> _Your task_:
In the copy, include all of the listing exactly and none of its pictures.

> _Materials provided_:

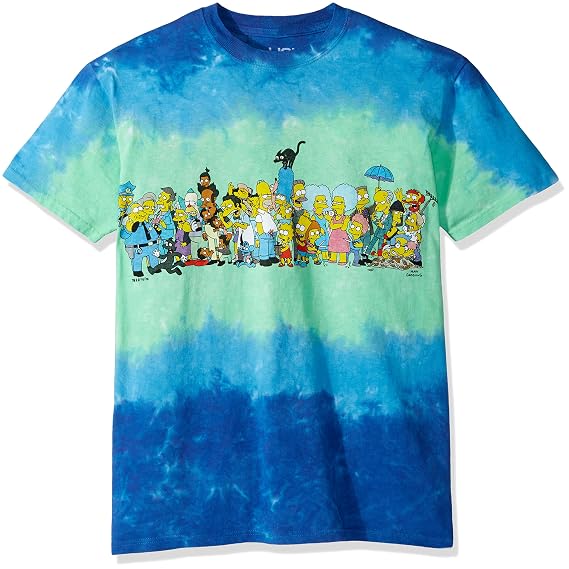 Cast Tie Dye Short Sleeve T-Shirt 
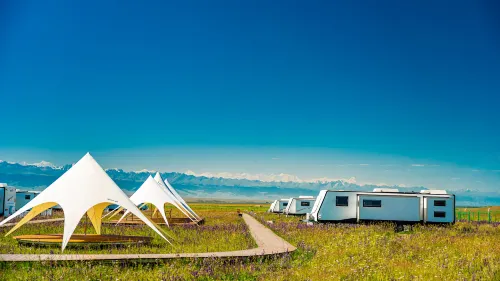 Zhaosu Tianma RV Camping Valley (Tianma Cultural Park) Hotels in Zhaosu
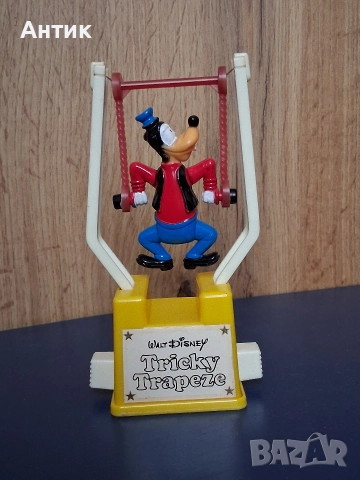 Стара Играчка Гуфи Walt Disney / 1977 год., снимка 6 - Колекции - 52750293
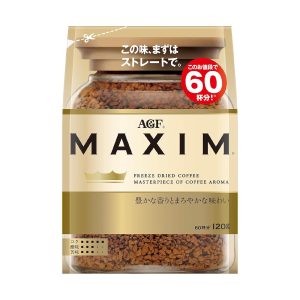 AGF Maxim Freeze Getrockneter Instantkaffee 120g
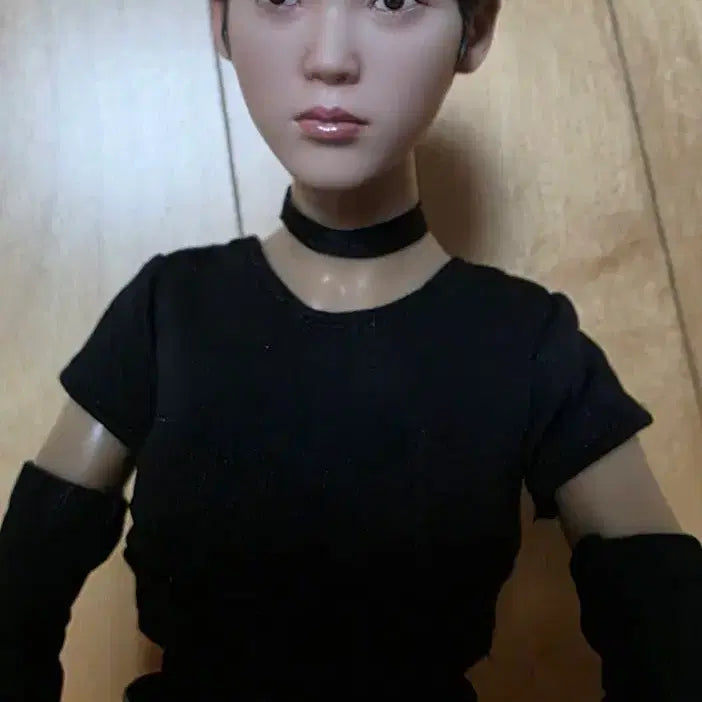 [BUNJANG] IU Custom Figure Black Outfit / 아이유 커스텀 피규어 블랙 의상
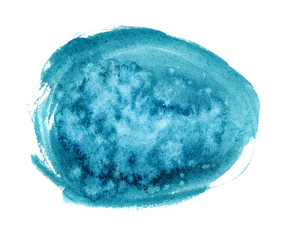 Watercolor background.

> _Answer box_:
 Cast Tie Dye Short Sleeve T-Shirt 
 Zhaosu Tianma RV Camping Valley (Tianma Cultural Park) Hotels in Zhaosu
 Стара Играчка Гуфи Walt Disney / 1977 год., снимка 6 - Колекции - 52750293
 AGF Maxim Freeze Getrockneter Instantkaffee 120g
 [BUNJANG] IU Custom Figure Black Outfit / 아이유 커스텀 피규어 블랙 의상
 Watercolor background.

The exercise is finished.